How to Detect Deadlock

Deadlock is the phenomenon whereby all movement and customer flow in a restricted queueing network ceases, due to circular blocking. The diagram below shows an example, where the customer at the top node is blocked to the bottom node, and the customer at the bottom node is blocked to the top node. This circular blockage results is no more natural movement happening.

A 2 node queueing network in deadlock.

Ciw’s has built in deadlock detection capability. With Ciw, a queueing network can be simulated until it reaches deadlock. Ciw then records the time until deadlock from each state. (Please see the documentation on state trackers.)

In order to take advantage of this feature, set the deadlock_detection argument to one of the deadlock detection methods when creating the Simulation object. Currently only 'StateDigraph' is implemented. Then use the simulate_until_deadlock method. The attribute times_to_deadlock contains the times to deadlock from each state.

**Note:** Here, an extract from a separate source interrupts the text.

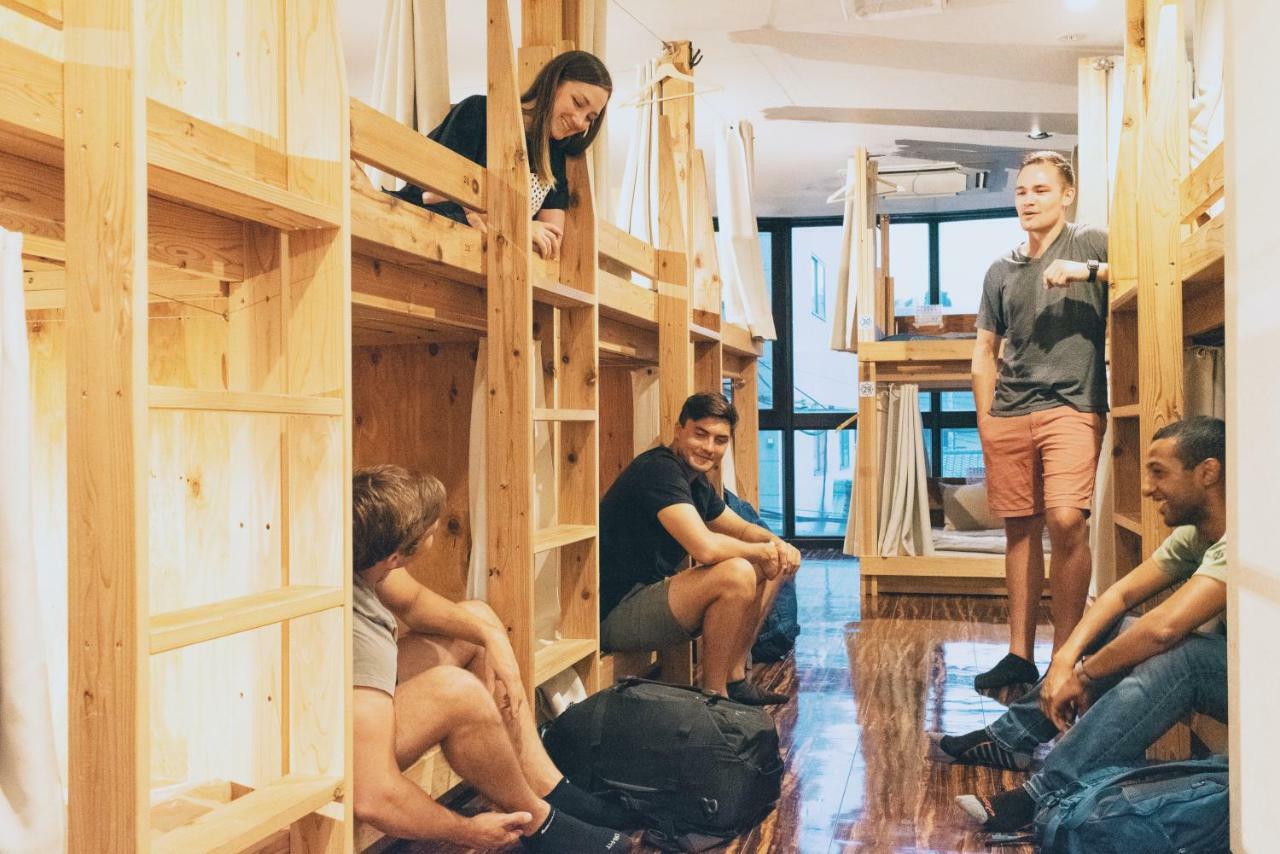 Ark Hostel Осака Экстерьер фото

Consider the M/M/1/3 queue where customers have probability 0.5 of rejoining the queue after service. If the queue is full then that customer gets blocked, and hence the system deadlocks.

Parameters:

>>> import ciw
>>> N = ciw.create_network(
...    Arrival_distributions=[['Exponential', 6.0]],
...    Service_distributions=[['Exponential', 5.0]],
...    Transition_matrices=[[0.5]],
...    Number_of_servers=[1],
...    Queue_capacities=[3]
... )

Running until deadlock:

>>> import ciw
>>> ciw.seed(1)
>>> Q = ciw.Simulation(N, deadlock_detector='StateDigraph')
>>> Q.simulate_until_deadlock()
>>> Q.times_to_deadlock 
{((0, 0),): 0.94539784..., ((1, 0),): 0.92134933..., ((2, 0),): 0.68085451..., ((3, 0),): 0.56684471..., ((3, 1),): 0.0, ((4, 0),): 0.25332344...}

Here the keys correspond to states recorded by the state tracker.

How to Set a State Tracker

Ciw has the option to activate a state tracker in order to track the state of the system as the simulation progresses towards deadlock. The default is the basic StateTracker which does nothing (unless the simulation is detecting deadlock, in which case NaiveTracker is the default). The state trackers have their uses when simulating until deadlock, as a time to deadlock is recorded for every state the simulation reaches.

For a list and explanation of the state trackers that Ciw currently supports see List of Implemented State Trackers for Deadlock Detection.

Consider the M/M/2/1 queue with a feedback loop. The following states are expected if a Naive Tracker is used: ((0, 0)), ((1, 0)), ((2, 0)), ((3, 0)), ((2, 1)), ((1, 2)). Simulating until deadlock, the times_to_deadlock dictionary will contain a subset of these states as keys:

>>> import ciw
>>> N = ciw.create_network(
...    Arrival_distributions=[['Exponential', 6.0]],
...    Service_distributions=[['Exponential', 5.0]],
...    Transition_matrices=[[0.5]],
...    Number_of_servers=[2],
...    Queue_capacities=[1]
... )

>>> ciw.seed(1)
>>> Q = ciw.Simulation(N, deadlock_detector='StateDigraph', tracker='Naive')
>>> Q.simulate_until_deadlock()
>>> Q.times_to_deadlock 
{((0, 0),): 1.3354..., ((1, 0),): 1.3113..., ((1, 2),): 0.0, ((2, 0),): 1.0708..., ((2, 1),): 0.9353..., ((3, 0),): 0.9568...}

The following states are expected if a Matrix Tracker is used: ((()), (0)), ((()), (1)), ((()), (2)), ((()), (3)), (((1)), (3)), (((1, 2)), (3)).

>>> ciw.seed(1)
>>> Q = ciw.Simulation(N, deadlock_detector='StateDigraph', tracker='Matrix')
>>> Q.simulate_until_deadlock()
>>> Q.times_to_deadlock 
{((((),),), (0,)): 1.3354..., ((((),),), (1,)): 1.3113..., ((((),),), (2,)): 1.0708..., ((((),),), (3,)): 0.9568..., ((((1,),),), (3,)): 0.9353..., ((((1, 2),),), (3,)): 0.0}

Notice that in this simple case, the Naive and Matric trackers correspond to the same states. In other examples, where customers may get blocked in different orders and to different places, then the two trackers may track different system states.